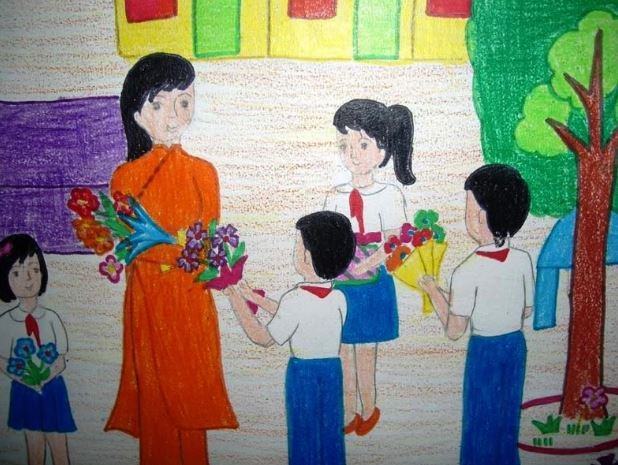 Tranh vẽ hình các học trò gứi tặng những bó bông và những lời chúc dành tặng cho cô giáo nhân ngày quốc tế phụ nữ 8-3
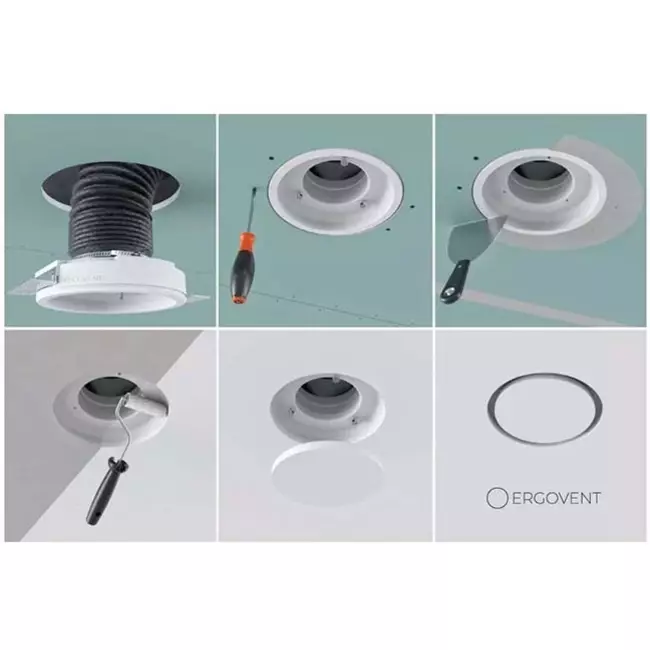 Ergovent rammeløs ventilationsventil rund 150 mm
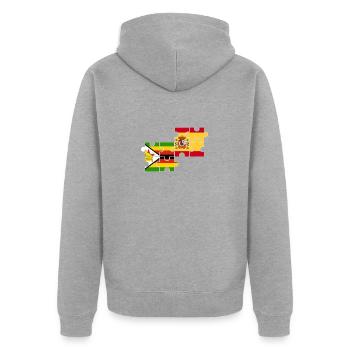 Zimbabwe Espagne Drapeau Espagnol Zimbabwéen - Veste à capuche bio Premium Unisexe - gris chiné - Dos - Nico (187cm)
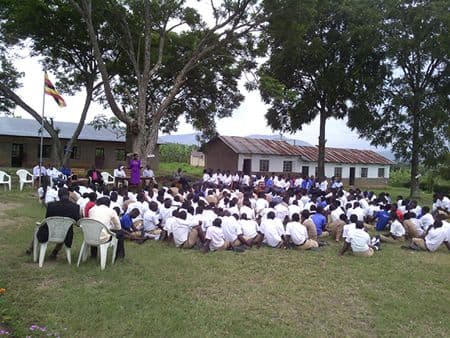 Justine Kyomuhendo, in 2015, leading a class in Uganda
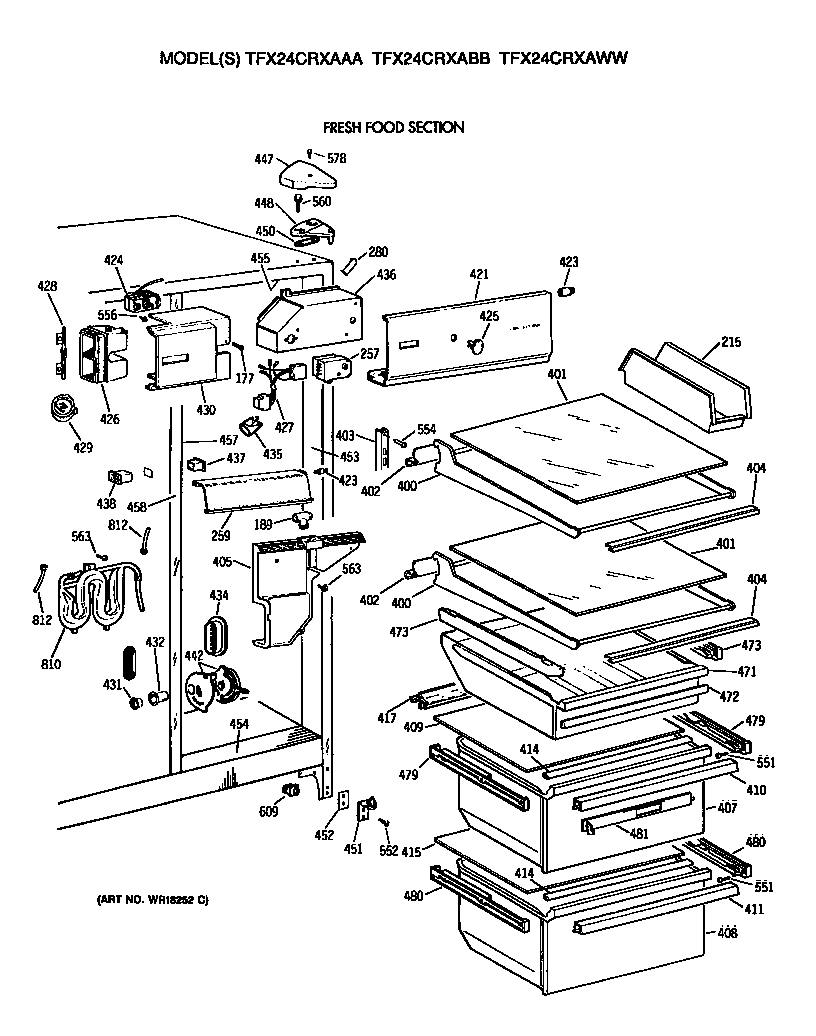 GE TFX24CRXABB fresh food section diagram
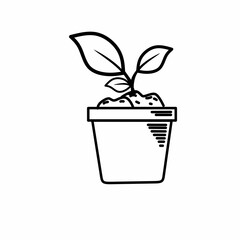 Pot plant outline icon with linear style . Plant in pot simple line vector icon for mobile concept and web design. Single potter plan.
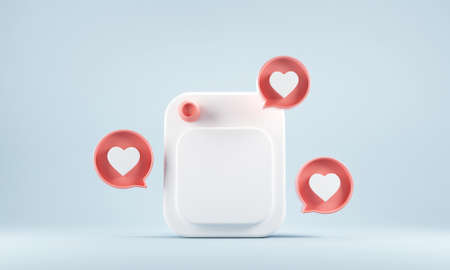 Photo frame with love like button on blue background, 3d illustration. Social media marketing...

++++++

**TASK REQUIREMENTS**
Would you retype the listing above exactly, omitting its pictures?

**RESPONSE BELOW**
 Tranh vẽ hình các học trò gứi tặng những bó bông và những lời chúc dành tặng cho cô giáo nhân ngày quốc tế phụ nữ 8-3
 Ergovent rammeløs ventilationsventil rund 150 mm
 Zimbabwe Espagne Drapeau Espagnol Zimbabwéen - Veste à capuche bio Premium Unisexe - gris chiné - Dos - Nico (187cm)
 Justine Kyomuhendo, in 2015, leading a class in Uganda
 GE TFX24CRXABB fresh food section diagram
 Pot plant outline icon with linear style . Plant in pot simple line vector icon for mobile concept and web design. Single potter plan.
 Photo frame with love like button on blue background, 3d illustration. Social media marketing...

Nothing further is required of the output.